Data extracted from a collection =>
########

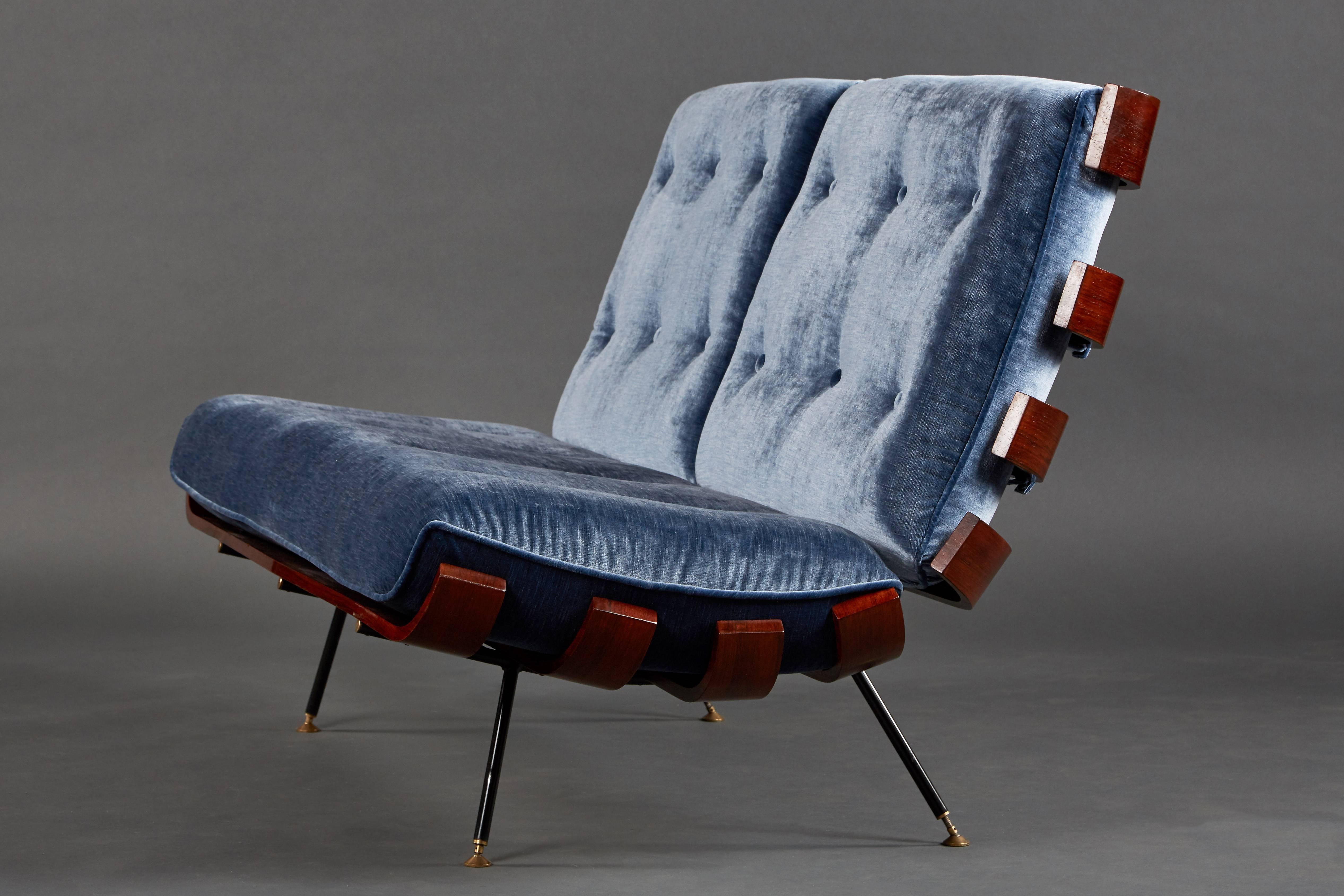 “Costela” (”Rib”) suite by Carlo Hauner and Martin Eisler. Made of Brazilian Sucupira wood with newly upholstered cushions in blue velvet. 

Dimensions in listing are for settee. 
Chairs measure: 32” H x 27.5” w x 32” D.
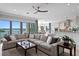 Inviting living room with a comfortable sectional sofa, stone fireplace, and stunning waterfront views at 443 18Th Ave, Indian Rocks Beach, FL 33785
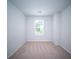 Bright bedroom with neutral carpet, a window for natural light and a minimalist aesthetic at 108 Rosefield Ct, Summerville, SC 29485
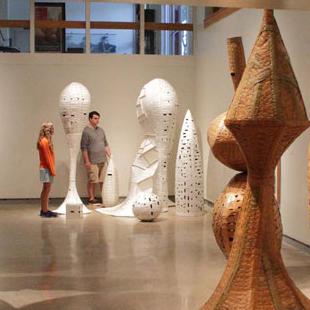 Two students working in a sculpture studio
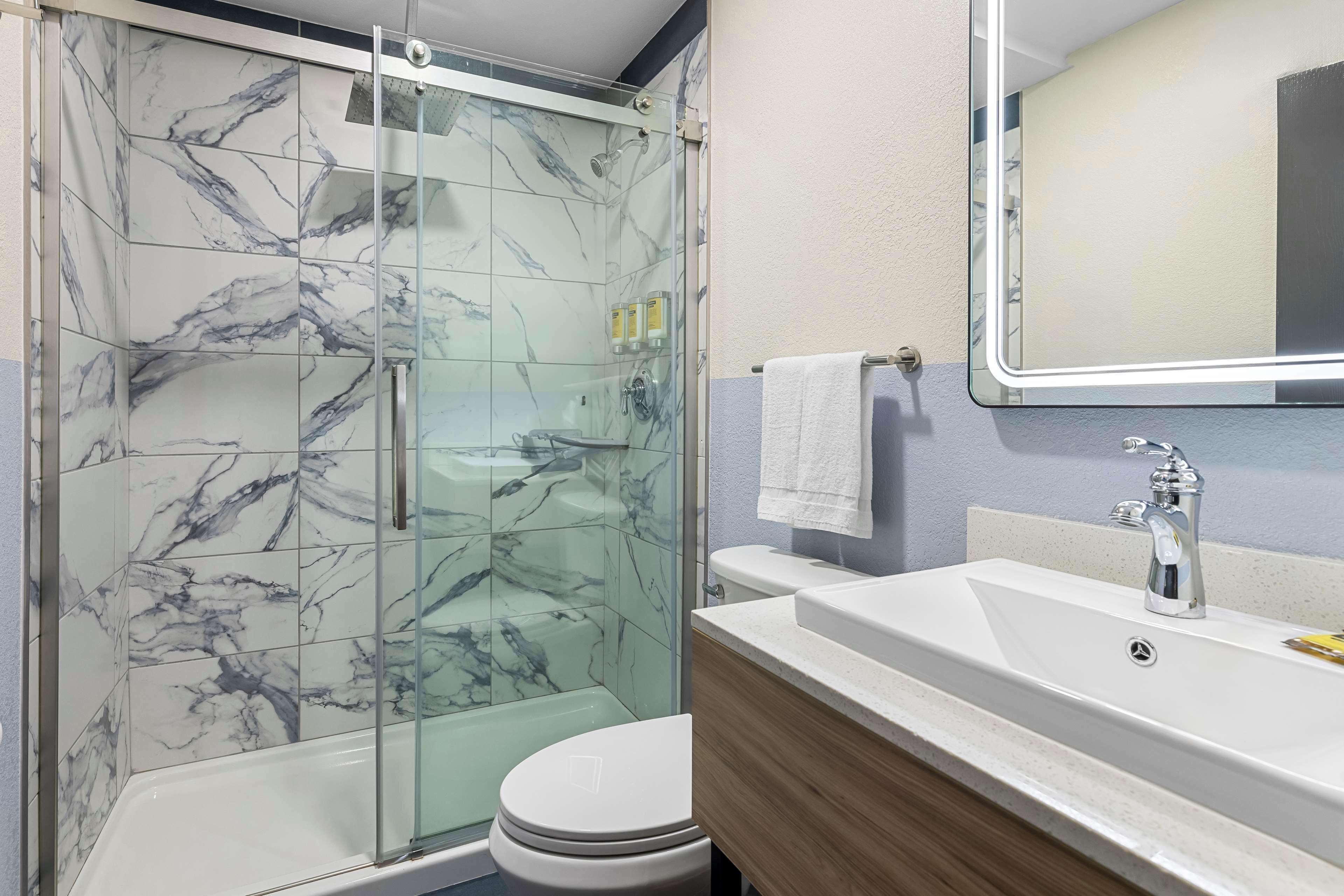 A bathroom with a glass-enclosed shower, a white toilet, a sink with a mirror, and toiletries on the wall.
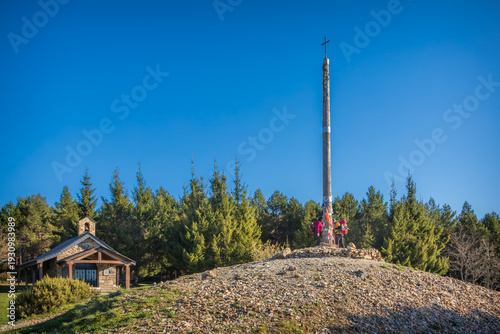 Pilgrims at the famous Cruz de Ferro Iron Cross on a mound of stones near a small chapel on the Camino de Santiago, a symbolic site for spiritual reflection in the Leon mountains of northern Spain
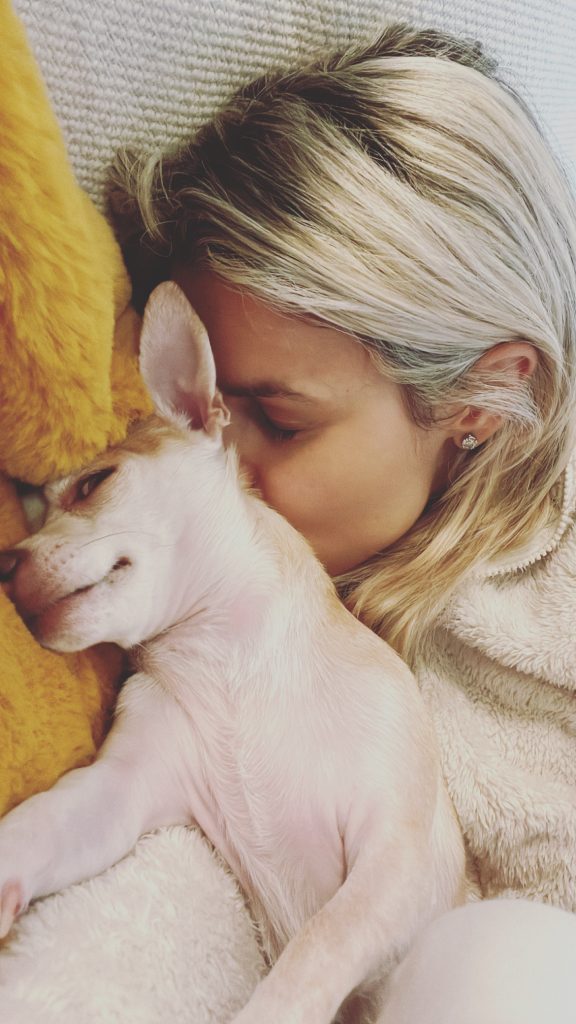 A woman resting her head against a small white dog on a couch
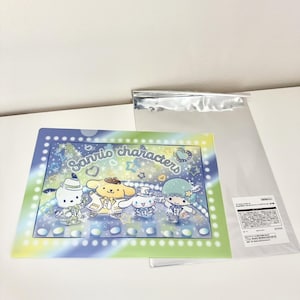 May include: A clear plastic folder featuring Sanrio characters. The folder has a blue, green, and yellow border with the words "Sanrio characters" in the center. The characters are in the center of the folder. A clear plastic bag is next to the folder.
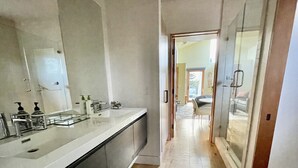 Un baño moderno con un espejo grande, un tocador espacioso y suelo de madera.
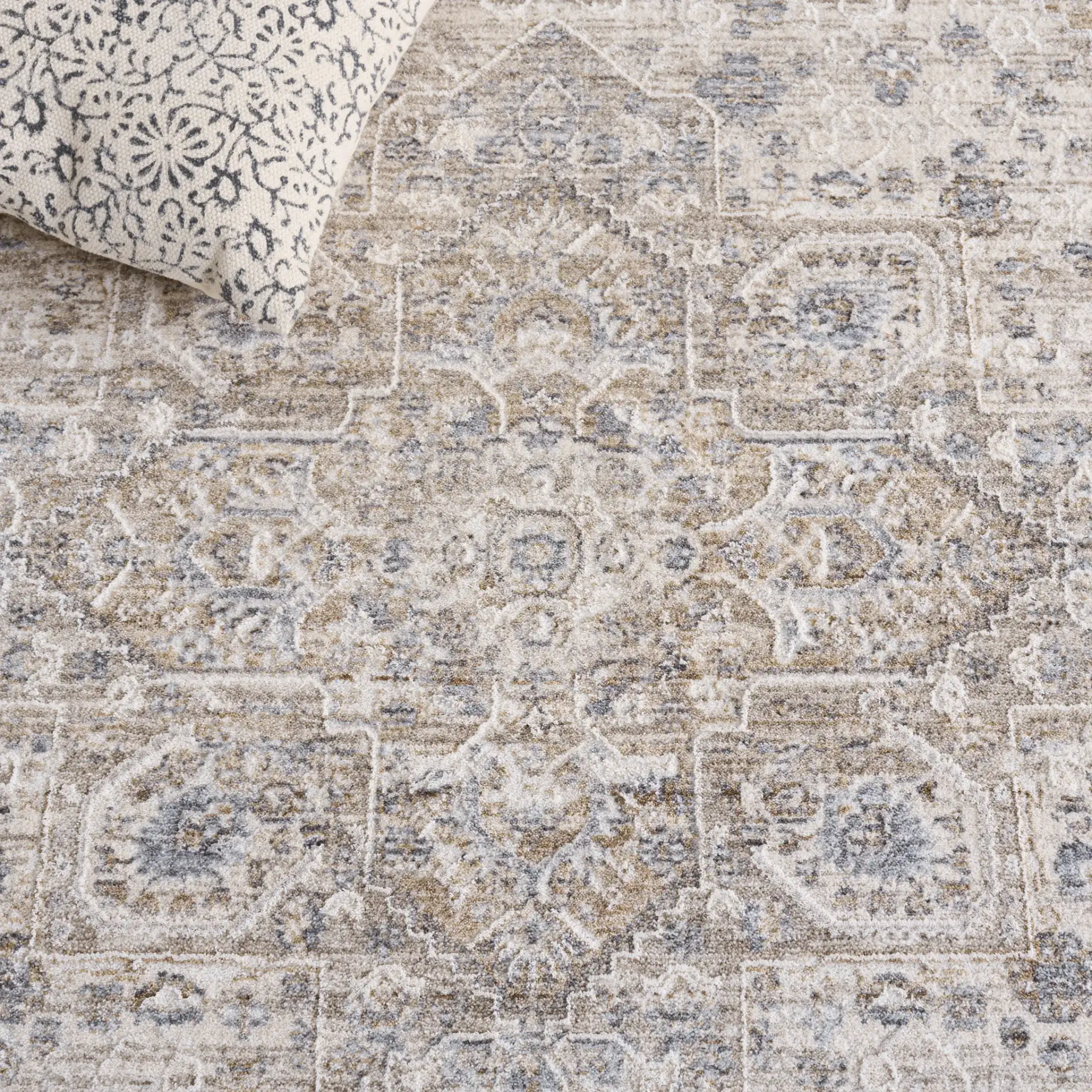 Kendal Distressed Medallion Bordered Rug in Gray / Ivory Beige in a styled room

########

Give the entries above again in full and exactly, but not the pictures.

Solution for this exercise =>
 “Costela” (”Rib”) suite by Carlo Hauner and Martin Eisler. Made of Brazilian Sucupira wood with newly upholstered cushions in blue velvet. 

Dimensions in listing are for settee. 
Chairs measure: 32” H x 27.5” w x 32” D.
 Inviting living room with a comfortable sectional sofa, stone fireplace, and stunning waterfront views at 443 18Th Ave, Indian Rocks Beach, FL 33785
 Bright bedroom with neutral carpet, a window for natural light and a minimalist aesthetic at 108 Rosefield Ct, Summerville, SC 29485
 Two students working in a sculpture studio
 A bathroom with a glass-enclosed shower, a white toilet, a sink with a mirror, and toiletries on the wall.
 Pilgrims at the famous Cruz de Ferro Iron Cross on a mound of stones near a small chapel on the Camino de Santiago, a symbolic site for spiritual reflection in the Leon mountains of northern Spain
 A woman resting her head against a small white dog on a couch
 May include: A clear plastic folder featuring Sanrio characters. The folder has a blue, green, and yellow border with the words "Sanrio characters" in the center. The characters are in the center of the folder. A clear plastic bag is next to the folder.
 Un baño moderno con un espejo grande, un tocador espacioso y suelo de madera.
 Kendal Distressed Medallion Bordered Rug in Gray / Ivory Beige in a styled room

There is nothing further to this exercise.